It was clear that there was a sombre mood among the three Russians and lone Norwegian combatants contesting the semifinals, as the realities and Realpolitik of Thursday’s match-ups came in the wake of the invasion of Ukraine. After beating 19-year-old Andrey Esipenko, Nepo – who said he was unable to think clearly throughout the match in his interview – was in no mood to celebrate, and tweeted: “History has seen many Black Thursdays, but today is blacker than the others.” And then signing off with the hashtag #saynotowar.

Carlsen had a dream start with two comfortable opening wins against an out-of-sorts Vladislav Artemiev and then sealed the deal with a draw to cruise into the final – but even the world champion was in a reflective mood, commenting that he had been following world events and described himself as a “concerned bystander.”

War in Ukraine saw former World Champion and Hall of Famer Anatoly Karpov being named among the first high-profile Russians to be hit by sanctions and now unable to travel to any European Union state. As a Member of the State Duma, Karpov, world champion from 1975-1985, was one of 351 legislators who voted for – and all subsequently sanctioned by the EU – and supported the resolution to recognise the self-proclaimed republics in Luhansk and Donetsk, the pretext used by Russian president Vladimir Putin to justify his invasion.

At a time of unparalleled conflict, Uefa moved swiftly yesterday to switch the football Champions League final away from St Petersburg to Paris, and today Formula One cancelled the Russian Grand Prix, and now there’s calls from within the chess community for Fide, the game’s governing body, to likewise boycott or cancel the upcoming biennial 150-nation team Olympiad, due to be staged in Moscow in July-August this year, just as the formal invitations were sent out earlier this week. (Breaking news: Fide have now confirmed the Olympiad will not be held in Russia)

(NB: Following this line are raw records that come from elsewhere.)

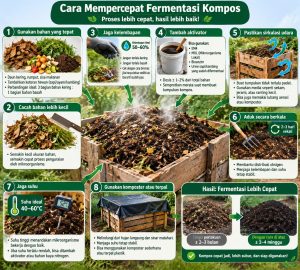 cara mempercepat fermentasi kompos
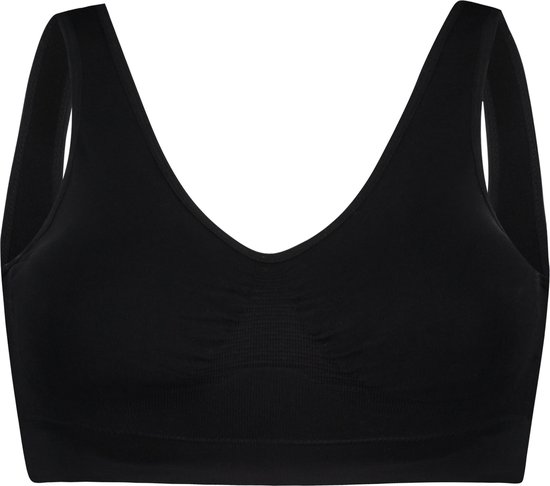 bh, black, sport-bra, wireless, pull-on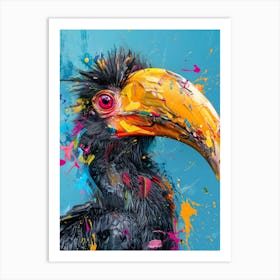 Horned Toucan Art Print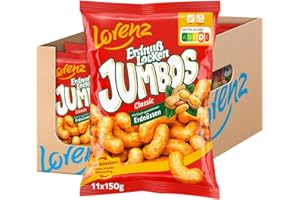 ‎LORENZ SNACK WORLD LORENZ | ErdnußLocken Jumbos | 11 x 150 g | vegan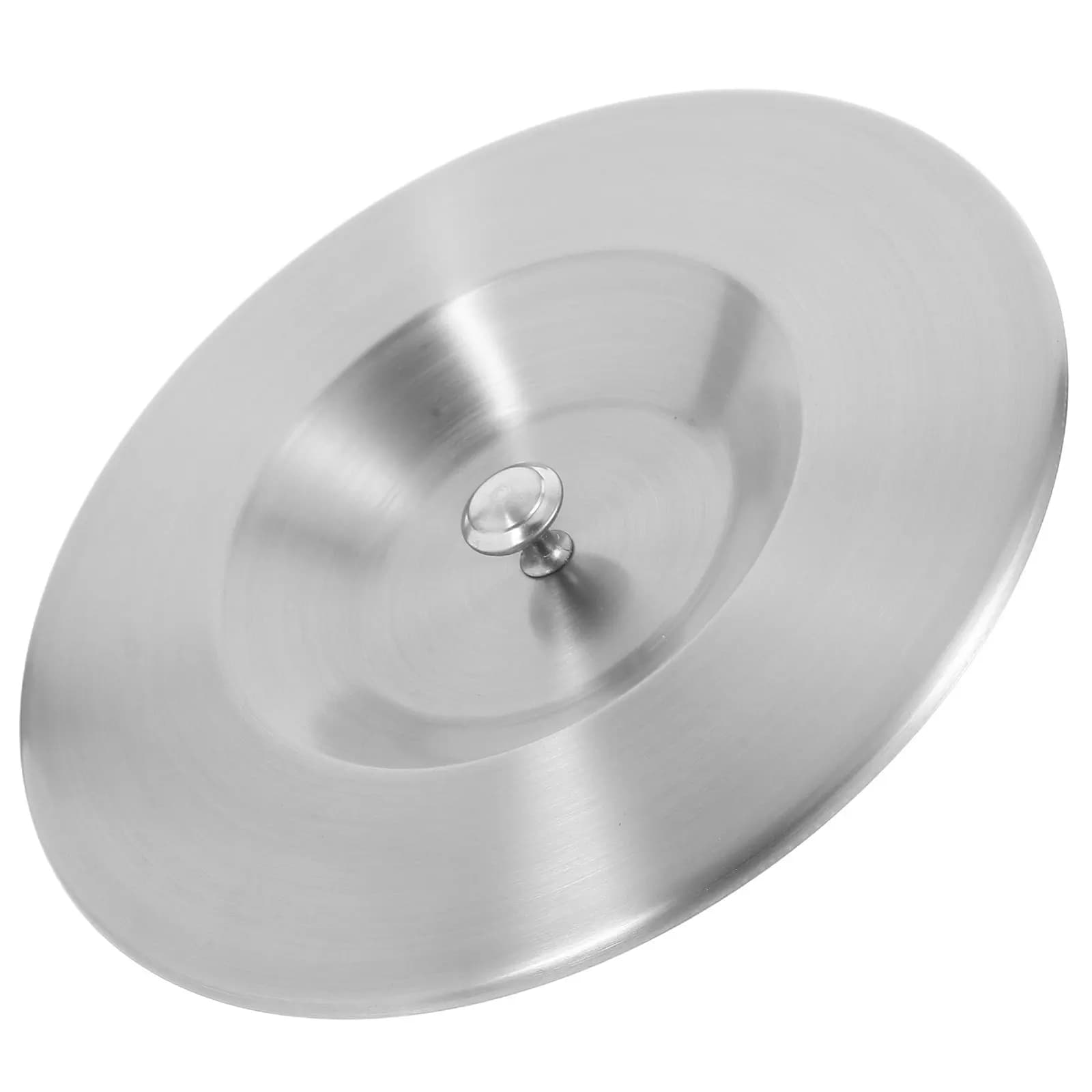 Coperchio per cestino da incasso in acciaio inossidabile 304, rotondo, da piano di lavoro, per cucina, bagno, ufficio, colore argento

But for now, Chess continues rise above it all with old foes Magnus Carlsen and Ian Nepomniachtchi clashing once again, only this time in the two-day Airthings Masters Finals, the first leg on the 2022 Meltwater Champions Chess Tour, that gets underway on Friday.

Airthings Masters semifinal results:
Nepomniachtchi 2½-½ Esipenko
Artemiev ½-2½ Carlsen

Friday and Saturday sees old foes Carlsen and Nepominiachtchi clashing in the the Airthings Masters Final. There’s live coverage on Chess24 with commentary from the regular Tour studio team of host Kaja Snare, GM David Howell and IM Jovanka Houska. Play starts at 18:00 CET (12:00 ET | 09:00 PT) with the official broadcast opening at 17:40 CET.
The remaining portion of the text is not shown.